◆ WORK REQUEST: Only the lines from the one holding "Maison à THORIGNE-SUR-DUE" through the end of the records below are to be reproduced exactly, and pictures are to be omitted.

◆ SOURCE DATA:
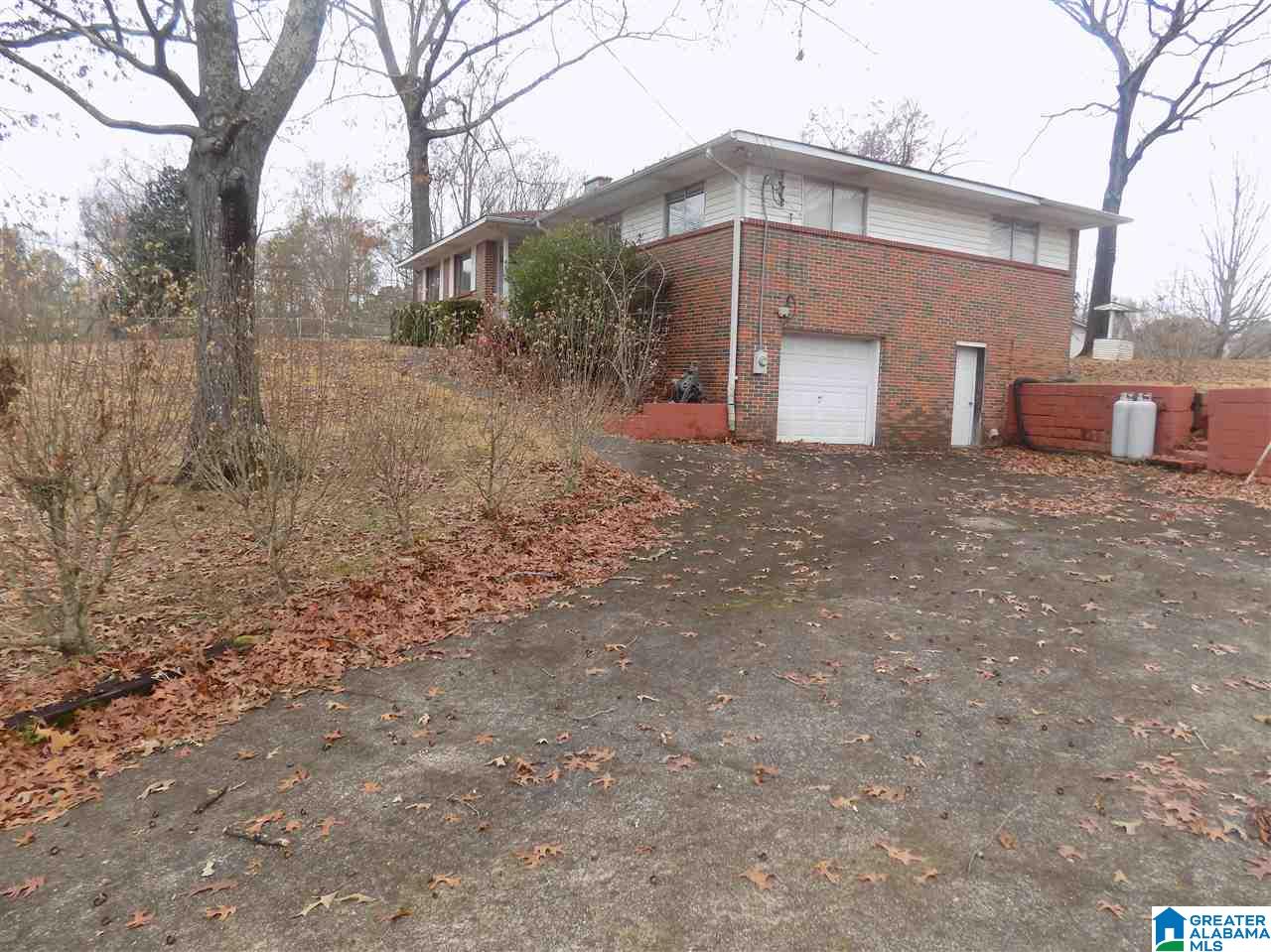 5263 Shady Crest Road Adamsville, AL 35005 - Photo 3 of 20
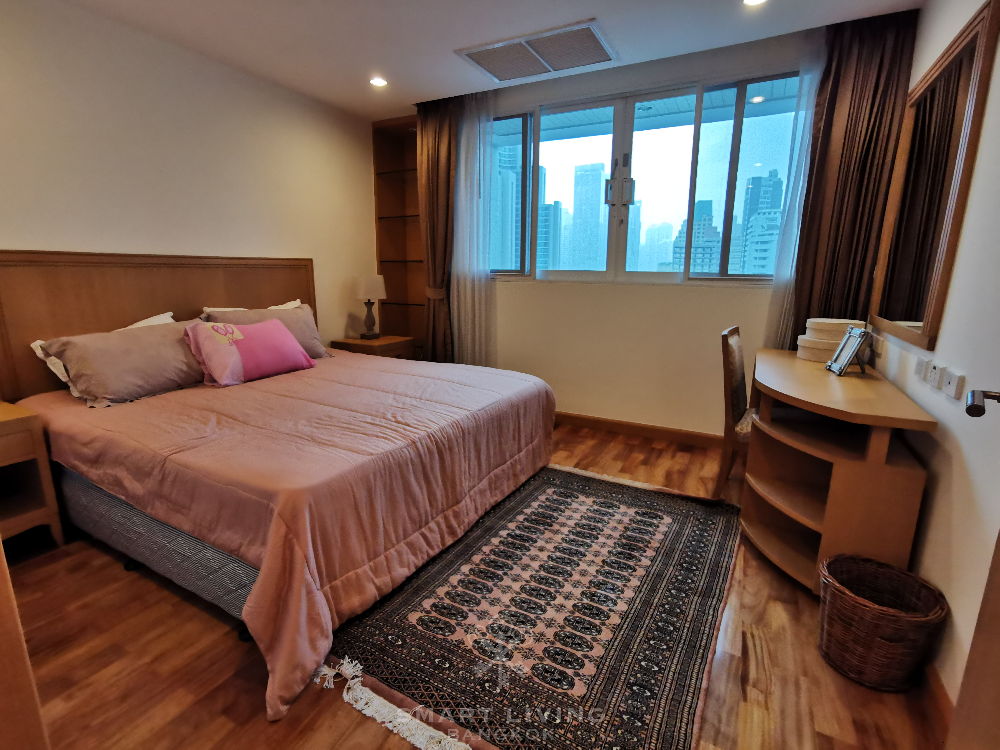 Pet friendly 3 bed , close to BTS Phrom Phong, only @115K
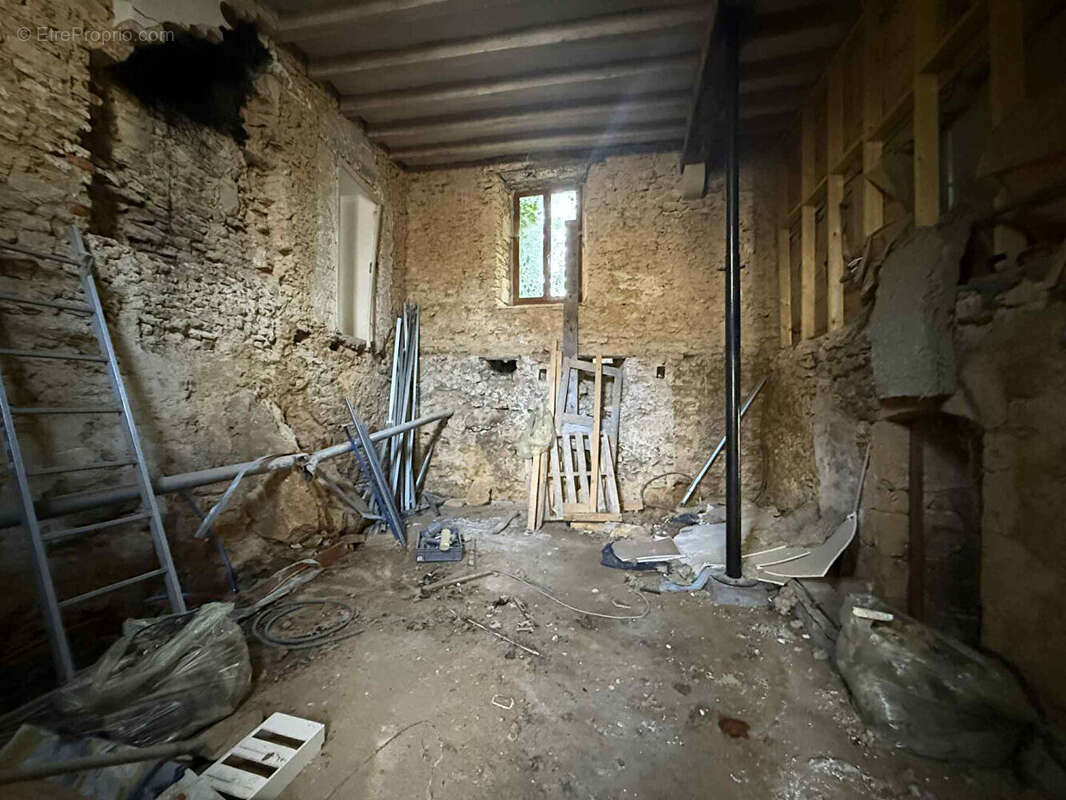 Maison à THORIGNE-SUR-DUE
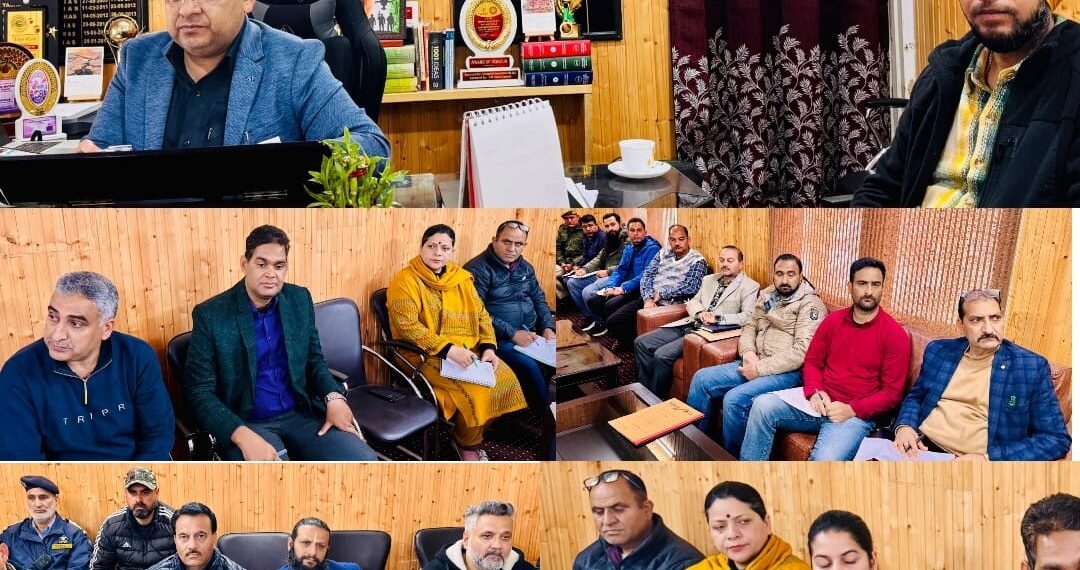 ADC Kathua reviews LPG supply, stresses proactive home delivery, strict monitoring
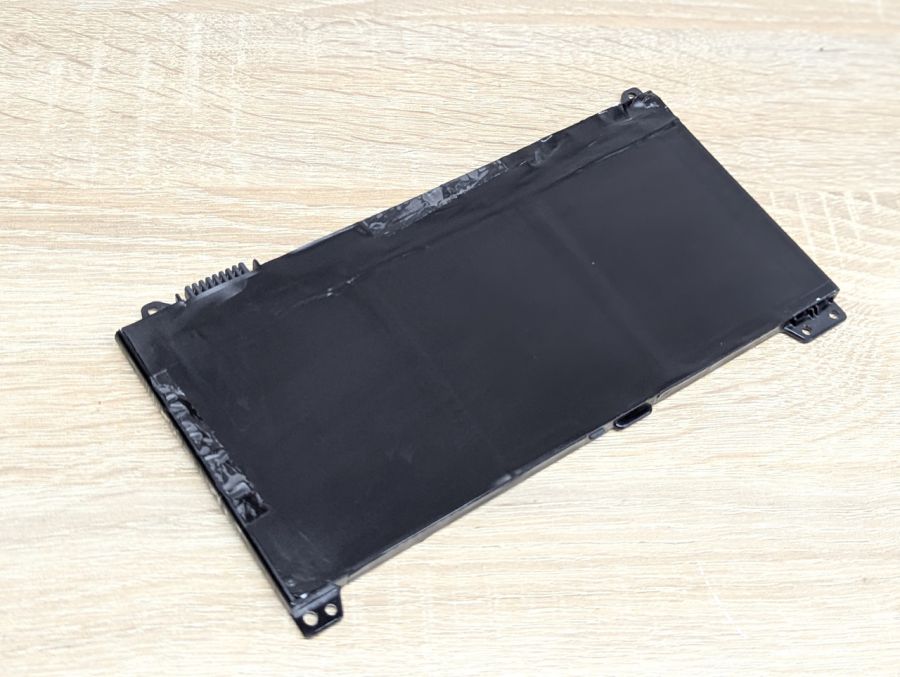 Б/В Оригінальна акумуляторна батарея HP RRO3XL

◆ EXERCISE ANSWER:
 Maison à THORIGNE-SUR-DUE
 ADC Kathua reviews LPG supply, stresses proactive home delivery, strict monitoring
 Б/В Оригінальна акумуляторна батарея HP RRO3XL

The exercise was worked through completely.